Ideally, I would also like to merge the two Pandoc steps, but do not know if this is possible. It seems there might be a method of doing this with a pipe function, but perhaps someone could confirm with an example.
The Pandoc Lua filters guide suggests I need a code block like:
function Strong(elem)
return pandoc.SmallCaps(elem.content)
end
but I need to capture <p><strong>
and replace with <h1>
, this does not work but may be gives a clue of what I am trying to achieve ...

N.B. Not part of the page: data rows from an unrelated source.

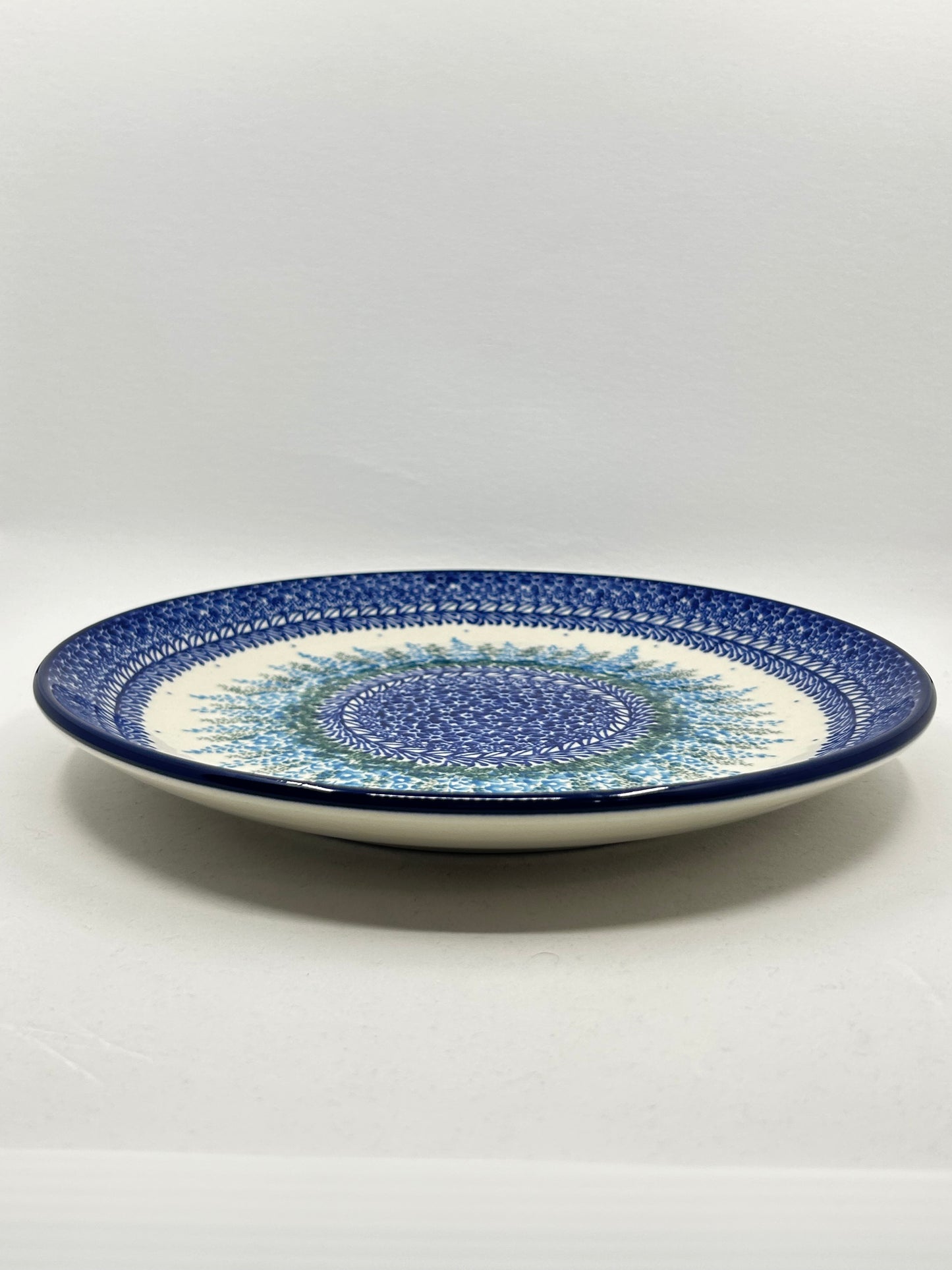 Plate ~ Dinner ~  10 inch ~ 3279X - T4!
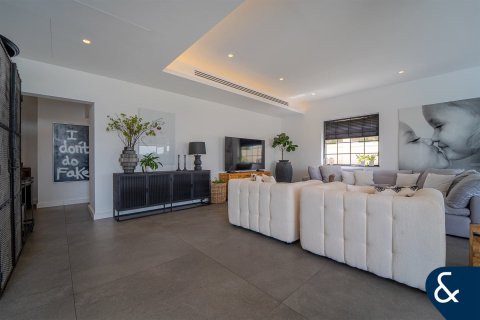 Villa in Victory Heights, Dubai Sports City, Dubai 6 bedrooms, 590 sq.m. № 91369 - photo 9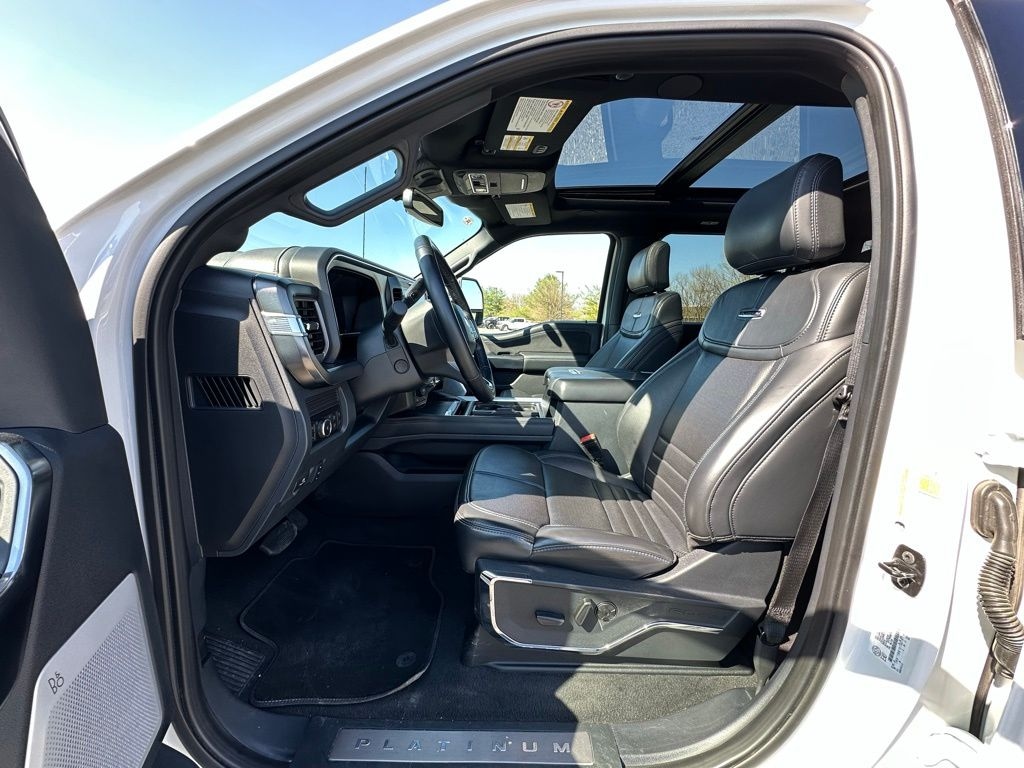 Used 2025 Ford F-250SD Platinum Truck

function Para+Strong(elem)
return pandoc.Header(1)
end
You could use sed
on the inputfile.html
between the two pandoc
commands.
#!/bin/bash
pandoc -f rtf -t html -o inputfile.html inputfile.rtf
cat inputfile.html | sed 's/<p><strong>\(.*\)<\/strong><\/p>/<h1>\1<\/h1>/g' > inputfile-fixed.html && rm inputfile.html
pandoc -t chunkedhtml --split-level=1 -o RN_File inputfile-fixed.html
Save as: fix_heading.sh
Change mode executable: chmod +x fix_heading.sh
Usage: ./fix_heading.sh
I used cat
as a precaution. If you want to directly edit the file, inline, replace the cat
line with:
sed -i 's/<p><strong>\(.*\)<\/strong><\/p>/<h1>\1<\/h1>/g' inputfile.html
That will eliminate need of the intermediate file.